Problem statement:
Exclude all pictures. Then restate, word for word, the entries from the first line through the line that contains "MS license plate MEQ417".

Data for processing:
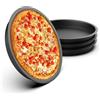 YIDOUJIN Teglia Pizza Diametro 20cm, Set 4 Stampi Pizza Teglie Forma Rotonda Acciaio al Carbonio, con Doppio Strato di Rivestimento Antiaderente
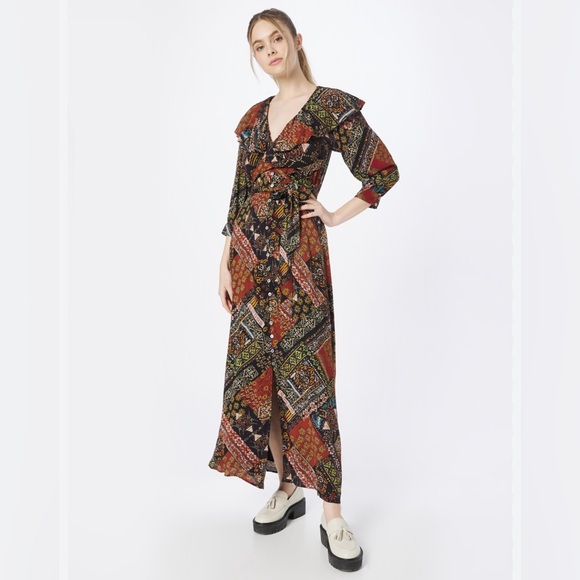 NWT Free People-Lennon Maxi Dress.Gorgeous patchwork ruffled dress.Size M. - Picture 1 of 15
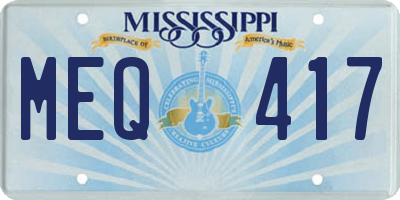 MS license plate MEQ417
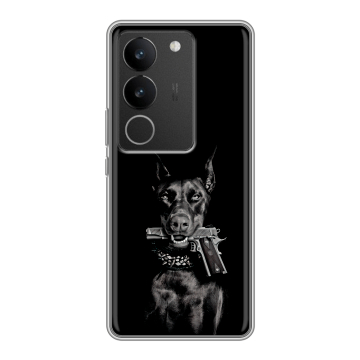 Силиконовый чехол на Vivo V29 с принтом Доберман и пистолет Силиконовый чехол на Vivo V29 с принтом Доберман и пистолет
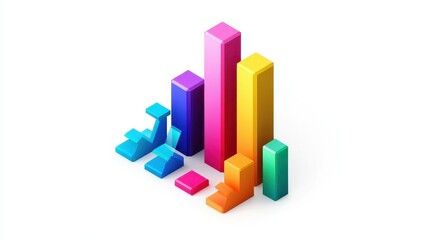 A creative bar chart, corporate element, isometric view, vibrant colors, isolated on white background.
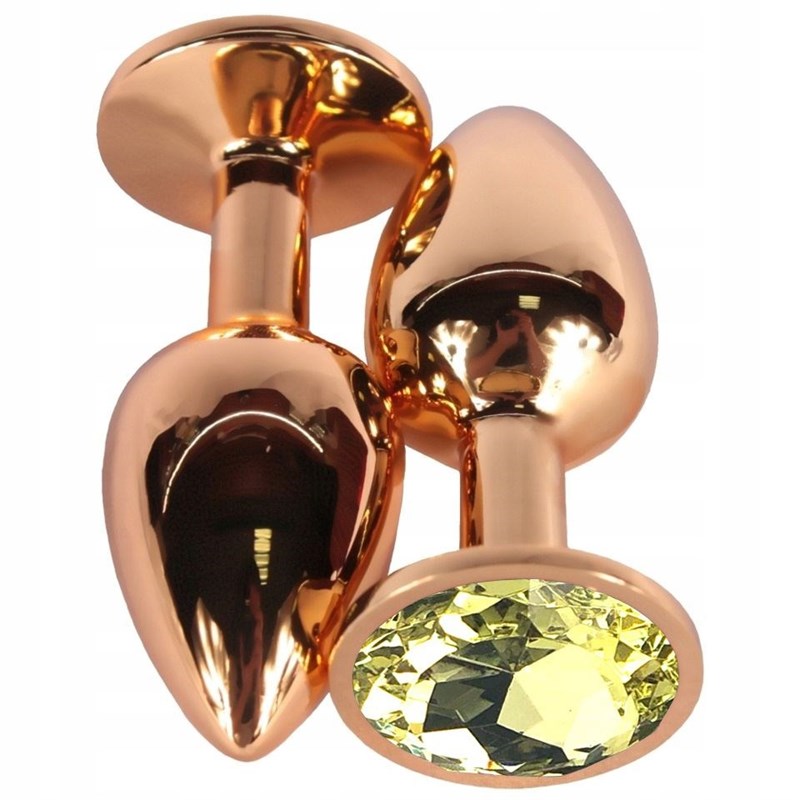 Золотистая анальная пробка с желтым кристаллом, 6,8х2,7 см 241974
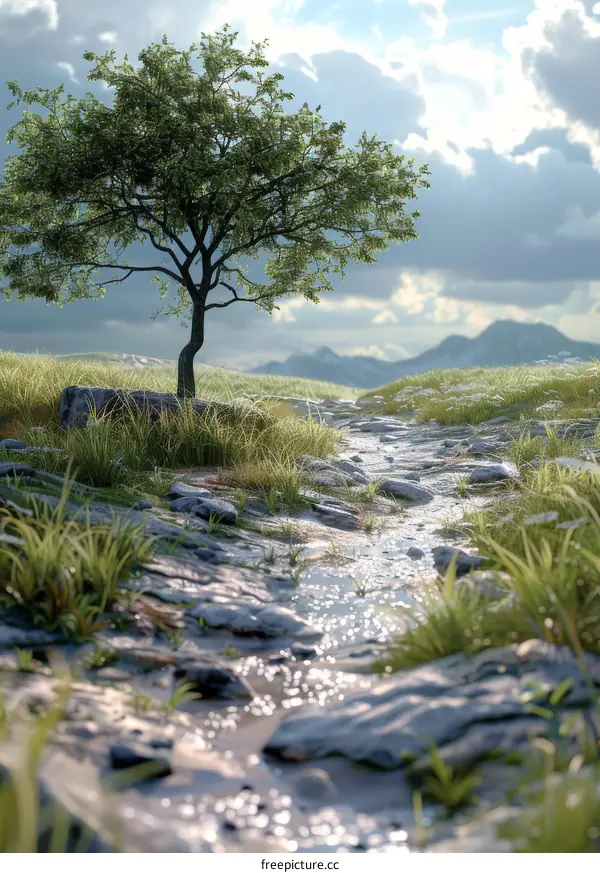 Small tree beside a meandering river in a rugged valley on a cloudy day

Result:
 YIDOUJIN Teglia Pizza Diametro 20cm, Set 4 Stampi Pizza Teglie Forma Rotonda Acciaio al Carbonio, con Doppio Strato di Rivestimento Antiaderente
 NWT Free People-Lennon Maxi Dress.Gorgeous patchwork ruffled dress.Size M. - Picture 1 of 15
 MS license plate MEQ417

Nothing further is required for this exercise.